> **EXERCISE GOAL**:
Range to reproduce from the entries below: the line with "Prada Prada VTG", the line with "Abstract blauw blauw", and every line in between. Give them exactly and give nothing else.
==== DATASET EXCERPTS
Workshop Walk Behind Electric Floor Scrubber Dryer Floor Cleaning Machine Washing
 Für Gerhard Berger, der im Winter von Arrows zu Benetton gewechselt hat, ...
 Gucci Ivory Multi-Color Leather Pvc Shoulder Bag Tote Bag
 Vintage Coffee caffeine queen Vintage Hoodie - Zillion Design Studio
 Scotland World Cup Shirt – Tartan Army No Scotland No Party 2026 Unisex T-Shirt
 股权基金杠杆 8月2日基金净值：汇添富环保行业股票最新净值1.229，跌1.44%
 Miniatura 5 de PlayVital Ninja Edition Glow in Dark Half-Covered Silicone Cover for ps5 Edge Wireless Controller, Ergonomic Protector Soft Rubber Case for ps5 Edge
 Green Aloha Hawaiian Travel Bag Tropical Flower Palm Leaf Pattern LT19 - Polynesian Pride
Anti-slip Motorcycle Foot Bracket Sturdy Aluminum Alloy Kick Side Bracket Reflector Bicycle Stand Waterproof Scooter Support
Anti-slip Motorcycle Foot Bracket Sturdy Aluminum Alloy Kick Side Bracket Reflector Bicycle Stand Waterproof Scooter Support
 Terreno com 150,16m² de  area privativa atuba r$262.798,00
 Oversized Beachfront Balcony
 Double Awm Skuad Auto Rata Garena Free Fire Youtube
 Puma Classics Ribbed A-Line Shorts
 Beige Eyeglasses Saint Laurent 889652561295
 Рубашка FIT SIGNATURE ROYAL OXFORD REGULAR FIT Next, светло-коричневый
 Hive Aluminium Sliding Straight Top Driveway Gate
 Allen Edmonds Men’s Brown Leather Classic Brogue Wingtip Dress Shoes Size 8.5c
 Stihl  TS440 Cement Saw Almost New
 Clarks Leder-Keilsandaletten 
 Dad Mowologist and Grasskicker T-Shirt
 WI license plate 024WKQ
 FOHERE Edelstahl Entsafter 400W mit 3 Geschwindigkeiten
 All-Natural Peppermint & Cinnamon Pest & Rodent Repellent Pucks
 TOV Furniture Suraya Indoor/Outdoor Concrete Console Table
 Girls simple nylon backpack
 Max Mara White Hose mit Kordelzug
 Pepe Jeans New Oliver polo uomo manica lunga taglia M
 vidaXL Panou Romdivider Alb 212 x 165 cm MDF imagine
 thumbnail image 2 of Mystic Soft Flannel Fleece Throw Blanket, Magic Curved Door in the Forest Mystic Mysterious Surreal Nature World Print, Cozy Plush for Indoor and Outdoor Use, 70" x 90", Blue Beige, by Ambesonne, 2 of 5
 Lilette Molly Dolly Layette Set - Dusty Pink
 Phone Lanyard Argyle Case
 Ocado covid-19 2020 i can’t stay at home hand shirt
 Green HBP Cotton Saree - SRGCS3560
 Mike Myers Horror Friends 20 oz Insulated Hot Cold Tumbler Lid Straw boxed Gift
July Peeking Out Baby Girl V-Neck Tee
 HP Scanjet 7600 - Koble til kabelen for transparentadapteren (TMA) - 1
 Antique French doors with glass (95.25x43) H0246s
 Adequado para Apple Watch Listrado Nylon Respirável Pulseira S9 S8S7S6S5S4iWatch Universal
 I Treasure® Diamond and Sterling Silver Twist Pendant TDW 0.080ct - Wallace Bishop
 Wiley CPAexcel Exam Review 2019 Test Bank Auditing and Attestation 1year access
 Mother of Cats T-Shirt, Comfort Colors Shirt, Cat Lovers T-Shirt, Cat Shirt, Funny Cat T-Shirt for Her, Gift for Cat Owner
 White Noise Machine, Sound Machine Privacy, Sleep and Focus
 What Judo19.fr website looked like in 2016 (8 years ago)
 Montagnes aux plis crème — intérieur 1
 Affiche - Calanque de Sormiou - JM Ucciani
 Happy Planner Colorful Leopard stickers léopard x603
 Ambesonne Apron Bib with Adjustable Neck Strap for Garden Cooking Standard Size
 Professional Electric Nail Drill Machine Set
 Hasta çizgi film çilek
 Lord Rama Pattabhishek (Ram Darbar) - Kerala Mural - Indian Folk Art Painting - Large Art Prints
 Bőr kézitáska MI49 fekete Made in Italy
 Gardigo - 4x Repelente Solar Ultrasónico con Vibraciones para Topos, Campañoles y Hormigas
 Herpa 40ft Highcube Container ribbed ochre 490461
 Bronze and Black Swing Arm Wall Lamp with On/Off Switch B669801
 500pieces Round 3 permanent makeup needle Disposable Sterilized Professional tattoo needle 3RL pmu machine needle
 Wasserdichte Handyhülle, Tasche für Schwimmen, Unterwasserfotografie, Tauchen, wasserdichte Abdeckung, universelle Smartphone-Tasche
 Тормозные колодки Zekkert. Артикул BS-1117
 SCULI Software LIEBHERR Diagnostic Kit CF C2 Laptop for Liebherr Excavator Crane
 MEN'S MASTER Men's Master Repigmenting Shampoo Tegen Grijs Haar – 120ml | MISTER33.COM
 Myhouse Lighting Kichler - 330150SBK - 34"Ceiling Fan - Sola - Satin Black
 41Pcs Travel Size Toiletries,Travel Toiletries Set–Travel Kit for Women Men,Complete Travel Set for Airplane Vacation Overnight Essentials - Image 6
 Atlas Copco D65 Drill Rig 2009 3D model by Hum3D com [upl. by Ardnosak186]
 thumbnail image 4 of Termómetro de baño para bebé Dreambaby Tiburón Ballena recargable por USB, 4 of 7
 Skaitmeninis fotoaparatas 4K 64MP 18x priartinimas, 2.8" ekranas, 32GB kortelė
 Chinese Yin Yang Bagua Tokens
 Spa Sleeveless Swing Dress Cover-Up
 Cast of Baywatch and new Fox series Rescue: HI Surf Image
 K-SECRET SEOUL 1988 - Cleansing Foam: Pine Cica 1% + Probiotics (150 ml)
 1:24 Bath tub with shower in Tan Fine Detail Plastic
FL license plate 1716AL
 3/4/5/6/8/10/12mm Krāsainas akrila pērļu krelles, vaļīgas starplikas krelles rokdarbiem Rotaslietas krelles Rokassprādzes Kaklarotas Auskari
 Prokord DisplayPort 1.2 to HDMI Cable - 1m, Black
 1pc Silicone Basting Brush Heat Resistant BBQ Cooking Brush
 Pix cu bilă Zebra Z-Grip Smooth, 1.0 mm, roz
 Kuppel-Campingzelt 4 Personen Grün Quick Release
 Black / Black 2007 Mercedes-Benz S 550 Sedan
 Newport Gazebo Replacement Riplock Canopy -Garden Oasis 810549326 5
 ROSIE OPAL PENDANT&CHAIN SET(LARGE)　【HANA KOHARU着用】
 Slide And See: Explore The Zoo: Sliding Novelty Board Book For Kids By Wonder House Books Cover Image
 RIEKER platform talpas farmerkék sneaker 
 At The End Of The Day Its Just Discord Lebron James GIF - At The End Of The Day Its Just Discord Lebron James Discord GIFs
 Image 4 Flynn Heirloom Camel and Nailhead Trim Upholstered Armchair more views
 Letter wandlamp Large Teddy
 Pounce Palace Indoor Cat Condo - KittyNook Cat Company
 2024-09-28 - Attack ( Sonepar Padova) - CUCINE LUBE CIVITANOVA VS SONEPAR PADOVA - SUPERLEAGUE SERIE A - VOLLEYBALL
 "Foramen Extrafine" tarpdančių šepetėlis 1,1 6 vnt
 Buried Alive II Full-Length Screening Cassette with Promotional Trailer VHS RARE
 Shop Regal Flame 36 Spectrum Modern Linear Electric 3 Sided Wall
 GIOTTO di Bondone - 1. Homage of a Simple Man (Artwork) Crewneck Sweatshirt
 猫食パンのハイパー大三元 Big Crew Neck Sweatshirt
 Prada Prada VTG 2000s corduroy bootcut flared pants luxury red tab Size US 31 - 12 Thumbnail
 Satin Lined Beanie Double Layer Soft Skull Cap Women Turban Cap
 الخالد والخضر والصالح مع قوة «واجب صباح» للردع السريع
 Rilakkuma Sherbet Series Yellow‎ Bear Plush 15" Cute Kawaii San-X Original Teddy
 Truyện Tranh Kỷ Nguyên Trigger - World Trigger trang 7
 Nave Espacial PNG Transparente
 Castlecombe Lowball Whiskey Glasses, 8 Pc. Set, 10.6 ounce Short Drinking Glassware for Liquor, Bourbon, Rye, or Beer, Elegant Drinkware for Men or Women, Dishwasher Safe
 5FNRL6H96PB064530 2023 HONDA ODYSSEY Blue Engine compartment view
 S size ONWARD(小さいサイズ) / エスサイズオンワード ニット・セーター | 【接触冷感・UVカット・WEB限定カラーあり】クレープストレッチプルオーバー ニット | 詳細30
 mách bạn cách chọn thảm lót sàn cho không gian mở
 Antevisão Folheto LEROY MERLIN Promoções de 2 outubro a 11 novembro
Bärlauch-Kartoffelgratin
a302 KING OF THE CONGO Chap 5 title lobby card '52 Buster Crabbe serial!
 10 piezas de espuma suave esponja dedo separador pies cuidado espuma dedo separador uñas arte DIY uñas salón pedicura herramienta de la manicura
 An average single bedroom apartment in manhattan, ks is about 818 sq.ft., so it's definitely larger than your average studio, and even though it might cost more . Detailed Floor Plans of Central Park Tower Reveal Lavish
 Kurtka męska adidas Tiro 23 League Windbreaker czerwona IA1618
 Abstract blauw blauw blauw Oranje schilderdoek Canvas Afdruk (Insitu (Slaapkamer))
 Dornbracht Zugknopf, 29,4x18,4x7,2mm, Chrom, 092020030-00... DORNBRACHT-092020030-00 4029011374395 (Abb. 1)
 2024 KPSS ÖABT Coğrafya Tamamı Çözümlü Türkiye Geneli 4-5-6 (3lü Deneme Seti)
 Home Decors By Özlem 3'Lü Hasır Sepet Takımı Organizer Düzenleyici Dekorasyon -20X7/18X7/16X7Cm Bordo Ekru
========
> **EXERCISE SOLUTION**:
 Prada Prada VTG 2000s corduroy bootcut flared pants luxury red tab Size US 31 - 12 Thumbnail
 Satin Lined Beanie Double Layer Soft Skull Cap Women Turban Cap
 الخالد والخضر والصالح مع قوة «واجب صباح» للردع السريع
 Rilakkuma Sherbet Series Yellow‎ Bear Plush 15" Cute Kawaii San-X Original Teddy
 Truyện Tranh Kỷ Nguyên Trigger - World Trigger trang 7
 Nave Espacial PNG Transparente
 Castlecombe Lowball Whiskey Glasses, 8 Pc. Set, 10.6 ounce Short Drinking Glassware for Liquor, Bourbon, Rye, or Beer, Elegant Drinkware for Men or Women, Dishwasher Safe
 5FNRL6H96PB064530 2023 HONDA ODYSSEY Blue Engine compartment view
 S size ONWARD(小さいサイズ) / エスサイズオンワード ニット・セーター | 【接触冷感・UVカット・WEB限定カラーあり】クレープストレッチプルオーバー ニット | 詳細30
 mách bạn cách chọn thảm lót sàn cho không gian mở
 Antevisão Folheto LEROY MERLIN Promoções de 2 outubro a 11 novembro
Bärlauch-Kartoffelgratin
a302 KING OF THE CONGO Chap 5 title lobby card '52 Buster Crabbe serial!
 10 piezas de espuma suave esponja dedo separador pies cuidado espuma dedo separador uñas arte DIY uñas salón pedicura herramienta de la manicura
 An average single bedroom apartment in manhattan, ks is about 818 sq.ft., so it's definitely larger than your average studio, and even though it might cost more . Detailed Floor Plans of Central Park Tower Reveal Lavish
 Kurtka męska adidas Tiro 23 League Windbreaker czerwona IA1618
 Abstract blauw blauw blauw Oranje schilderdoek Canvas Afdruk (Insitu (Slaapkamer))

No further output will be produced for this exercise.